You may have heard before that you should grind your coffee fresh, which is totally true. You can retain a LOT more flavor if you grind right before use. However, it left me wondering what happens if you wait, and what specific things you lose when waiting for 15 minutes, 30 minutes, 45 minutes, or even an hour after grinding. So, we conducted a pseudo-scientific test on our most popular coffee; Brazil. Feel free to try this at home, this is what you need:
5 equal size small cups
A few soup spoons
The coffee we used was 5 days off roast. We measured out 12g of coffee, ground it at a medium-coarse grind every 15 minutes, and laid it out in trays. After the full hour, we smelled each coffee to analyze the fragrance; the smell of coffee before adding water. We started by smelling the coffee ground an hour earlier, and made our way up to the freshest. The freshest was more pronounced; smelling of cocoa, peanuts, and apples. We felt as though the older coffees lost some of the more delicate notes and settled more into the cocoa region.

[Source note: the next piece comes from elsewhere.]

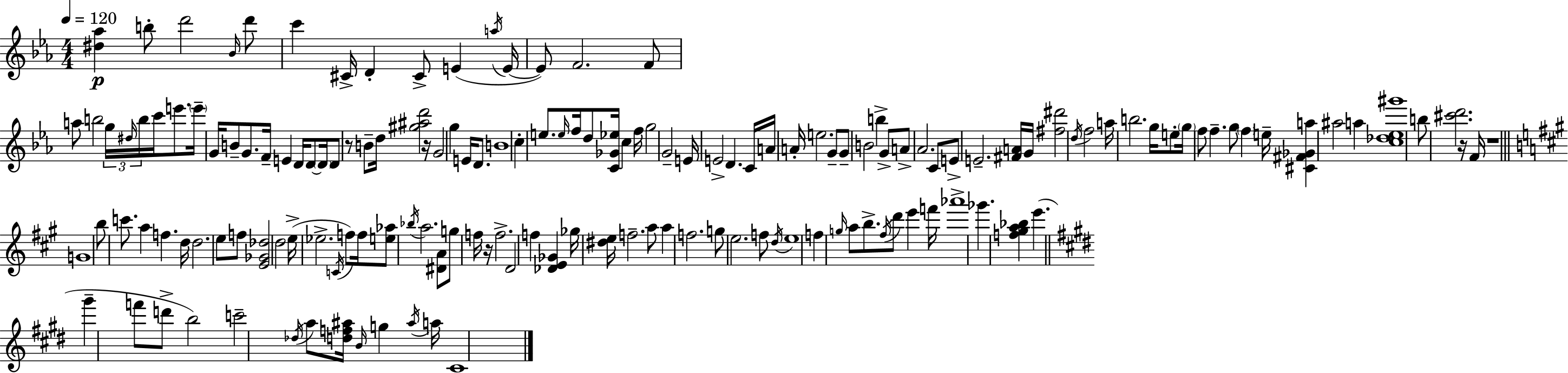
[D#5,Ab5]/q B5/e D6/h Bb4/s D6/e C6/q C#4/s D4/q C#4/e E4/q A5/s E4/s E4/e F4/h. F4/e A5/e B5/h G5/s D#5/s B5/s C6/s E6/e. E6/s G4/s B4/e G4/e. F4/s E4/q D4/s D4/e D4/s D4/e R/e B4/e D5/s [G#5,A#5,D6]/h R/s G4/h G5/q E4/s D4/e. B4/w C5/q E5/e. E5/s F5/s D5/e [C4,Gb4,Eb5]/s C5/q F5/s G5/h G4/h E4/s E4/h D4/q. C4/s A4/s A4/s E5/h. G4/e G4/e B4/h B5/q G4/e A4/e Ab4/h. C4/e E4/e E4/h. [F#4,A4]/s G4/s [F#5,D#6]/h D5/s F5/h A5/s B5/h. G5/s E5/e G5/s F5/e F5/q. G5/e F5/q E5/s [C#4,F#4,Gb4,A5]/q A#5/h A5/q [C5,Db5,Eb5,G#6]/w B5/e [C#6,D6]/h. R/s F4/s R/w G4/w B5/e C6/e. A5/q F5/q. D5/s D5/h. E5/e F5/e [E4,Gb4,Db5]/h D5/h E5/s Eb5/h. C4/s F5/e F5/s [E5,Ab5]/e Bb5/s A5/h. [D#4,A4]/e G5/e F5/s R/s F5/h. D4/h F5/q [Db4,E4,Gb4]/q Gb5/s [D#5,E5]/s F5/h. A5/e A5/q F5/h. G5/e E5/h. F5/e D5/s E5/w F5/q G5/s A5/e B5/e. F#5/s D6/e E6/q F6/s Ab6/w Gb6/q. [F5,G#5,A5,Bb5]/q E6/q. G#6/q F6/e D6/e B5/h C6/h Db5/s A5/e [D5,F5,A#5]/s B4/s G5/q A#5/s A5/s C#4/w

Without waiting too long, we added 185g of 203° water to each cup using two gooseneck kettles to ensure the coffee was saturated all at the same time. Of course, using two kettles aren’t necessary, but it does look a lot cooler. Keep that in mind.
We waited for 5 minutes before we realized that our plan was to stop brewing after 4...then we broke the crust that formed at the top, now analyzing the aroma. At this point, it was still on par with what we found in the fragrance. We then cleared off the remaining foam into a separate cup, and waited an additional 10 minutes before we started to taste. This gave us time to prepare our minds to be blown…also for the coffee to cool down and for the grounds to sink to the bottom.
We started tasting oldest to freshest, building our way up. In order to truly tell the nuances of flavor, I drank some mineral water before and after each cup...or maybe I just really like Topo-Chico. Either way, the main thing I noticed was that the biggest transition in flavor was between fresh ground and 15 minutes. While the fresh option was juicy and balanced, the 15 minute option tasted dry, bitter, and the acidity tasted sharper, and less specific. Each cup after that just tasted more and more like a cuppa from your local Motel 8.
Now, it’s not like it was terrible. I started off with good, fresh coffee. This test might have been even more evident with 2 week old coffee; which has more time to fully degass. Keep this in mind when grinding your coffee! Or, try this at home, and let us know what you found.